Thursday, 21 March 2019

Theories of Surplus Value, Part III, Chapter 20 - Part 90

Bailey can only proceed with his argument on the basis of his deception of measuring labour against the use values exchanged with it, whilst measuring profit against the historic cost of the capital used to produce it. So, he writes, 

““Whatever the produce of the labour of six men might be, whether 100 or 200 or 300 quarters of corn, yet so long as the proportion of the capitalist was one-fourth of the produce, that fourth part estimated in labour would be invariably the same.”” (p 152) 

And, as Marx responds, 

“And so would the ¾ of the produce accruing to the labourer, if estimated in labour.” (p 152) 

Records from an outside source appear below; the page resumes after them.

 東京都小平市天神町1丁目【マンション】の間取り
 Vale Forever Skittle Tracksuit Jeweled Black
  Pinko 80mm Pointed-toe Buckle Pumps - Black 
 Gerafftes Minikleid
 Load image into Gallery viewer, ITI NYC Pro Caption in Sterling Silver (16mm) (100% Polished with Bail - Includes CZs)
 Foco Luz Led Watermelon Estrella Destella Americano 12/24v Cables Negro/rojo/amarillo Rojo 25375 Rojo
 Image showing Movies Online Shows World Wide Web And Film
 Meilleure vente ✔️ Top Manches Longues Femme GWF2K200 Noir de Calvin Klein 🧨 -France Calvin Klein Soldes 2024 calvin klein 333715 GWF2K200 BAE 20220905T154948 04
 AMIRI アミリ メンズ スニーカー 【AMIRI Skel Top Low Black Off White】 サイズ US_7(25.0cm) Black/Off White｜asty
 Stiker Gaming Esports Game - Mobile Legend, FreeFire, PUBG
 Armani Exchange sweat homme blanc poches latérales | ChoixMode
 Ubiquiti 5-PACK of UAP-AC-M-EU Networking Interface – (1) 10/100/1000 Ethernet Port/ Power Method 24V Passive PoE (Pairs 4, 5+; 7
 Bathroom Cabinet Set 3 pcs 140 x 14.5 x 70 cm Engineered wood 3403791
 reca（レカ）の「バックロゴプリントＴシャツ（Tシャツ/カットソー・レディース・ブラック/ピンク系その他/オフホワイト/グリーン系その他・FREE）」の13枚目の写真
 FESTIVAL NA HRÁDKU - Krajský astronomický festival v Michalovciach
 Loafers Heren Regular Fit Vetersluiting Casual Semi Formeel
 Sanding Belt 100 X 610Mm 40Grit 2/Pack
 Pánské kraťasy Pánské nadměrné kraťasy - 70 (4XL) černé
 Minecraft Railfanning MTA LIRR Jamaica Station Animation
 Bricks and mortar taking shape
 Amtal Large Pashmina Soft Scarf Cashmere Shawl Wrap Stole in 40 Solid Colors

And, when Bailey, conversely, states, 

““Were the produce 100 quarters, then, as 75 quarters would be given to 6 men, the 25 accruing to the capitalist would command the labour of 2 men;”” (p 152), 

then, again, as Marx says, 

“and that given to the labourers would command the labour of 6 men” (p 152) 

Bailey also arrives at his false conclusions, on the basis of his use of historic prices. So, he equates the price of labour with the use values received in exchange for it. When output rises, therefore, he assumes the same proportional increase in the quantity of those use values going to labour. So, he says, 

“if the produce were 300 quarters, the 6 men would obtain 225 quarters, and the 75 falling to the capitalist would still command 2 men and no more.” (p 152) 

Of course, the point is that the value of the variable-capital is not determined by the money wages previously paid to the workers (the historic price of labour) but by the quantum of physical use values required for the reproduction of the labour-power, just as the value of the constant capital is not determined by the historic prices paid for it, but by the current reproduction cost, the amount of labour-time/value that must be expended for the replacement, on a like for like basis, of the commodities consumed in the production process. 

If productivity rises, so that total output rises, the quantity of use values required to replace the constant and variable-capital forms a smaller proportion of it. The capital value, thereby, falls so that the rate of profit rises. So, in Bailey's example, if output rises from 100 quarters to 300 quarters, that does not change the 75 quarters required to reproduce six workers (assuming they only require corn for their reproduction). It would, in fact, mean that the surplus product rose from 25 quarters to 225 quarters. Bailey's assumption that wages rise to 225 quarters would actually mean that, although their money wages remained constant, their real wage trebled. Even if we assume that, in Bailey's example, the workers require other use values to reproduce their labour-power, which they buy with corn wages, (and that the value of these other use values has not similarly been reduced), their wages would still be reduced proportionately to the quantity of corn that forms a part of their consumption, relative to other use values.